Updated 12:01 pm, Tuesday, March 11, 2014
(03-11) 11:59 PDT WASHINGTON -- Senate Intelligence Committee Chairwoman Dianne Feinstein, one of Washington's staunchest defenders of the intelligence community, accused the CIA on Tuesday of breaking the law and violating the separation of powers by secretly blocking Senate access to documents regarding alleged U.S. torture of terrorism suspects.
Feinstein, D-Calif., said the CIA intended to interfere with her committee's long investigation - the results of which are still classified - into the agency's detention and alleged torture of terrorism suspects during the George W. Bush administration.
The Intelligence Committee's report was three years in the making and runs 6,300 pages. The committee reviewed 6.2 million pages of documents from the Defense Department and the CIA - virtually everything the agencies had on the subject of detention of alleged terrorists.
Feinstein said the investigation had grown out of news reports that the CIA destroyed videotapes of interrogations.
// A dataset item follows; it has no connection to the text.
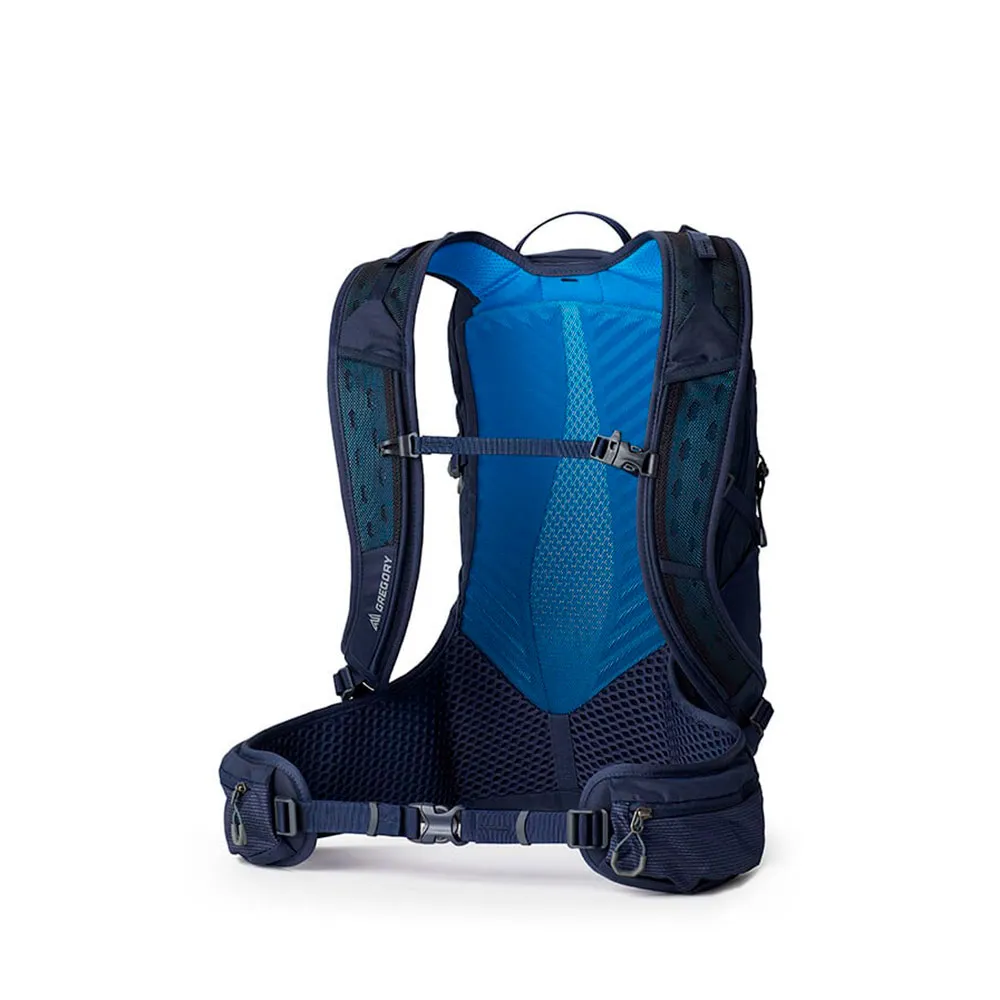 Gregory Miko 20 Plus Rucksack, Volt blue Gregory Miko 20 Plus Rucksack, Volt blue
The agency said written cables about the interrogations would be "more than adequate."
Feinstein called the committee's review of those "chilling," leading to the subsequent investigation that began in March 2009. The probe initially had bipartisan approval, but congressional Republicans, supporting the Bush administration, eventually boycotted it.
The dispute that prompted Feinstein's denunciation of the CIA in a speech on the Senate floor Tuesday revolves around the Intelligence Committee's access to a draft CIA review of its interrogation program.
Feinstein said the document, drafted under former CIA Director Leon Panetta, confirmed the Intelligence Committee's still-classified conclusions about tactics the U.S. used to interrogate terrorism suspects, conclusions she said the agency now denies.
"Some of these important parts that the CIA now disputes in our committee study are clearly acknowledged in the CIA's own internal Panetta review," Feinstein said. "How can the CIA's official response to our study stand factually in conflict with its own internal review?"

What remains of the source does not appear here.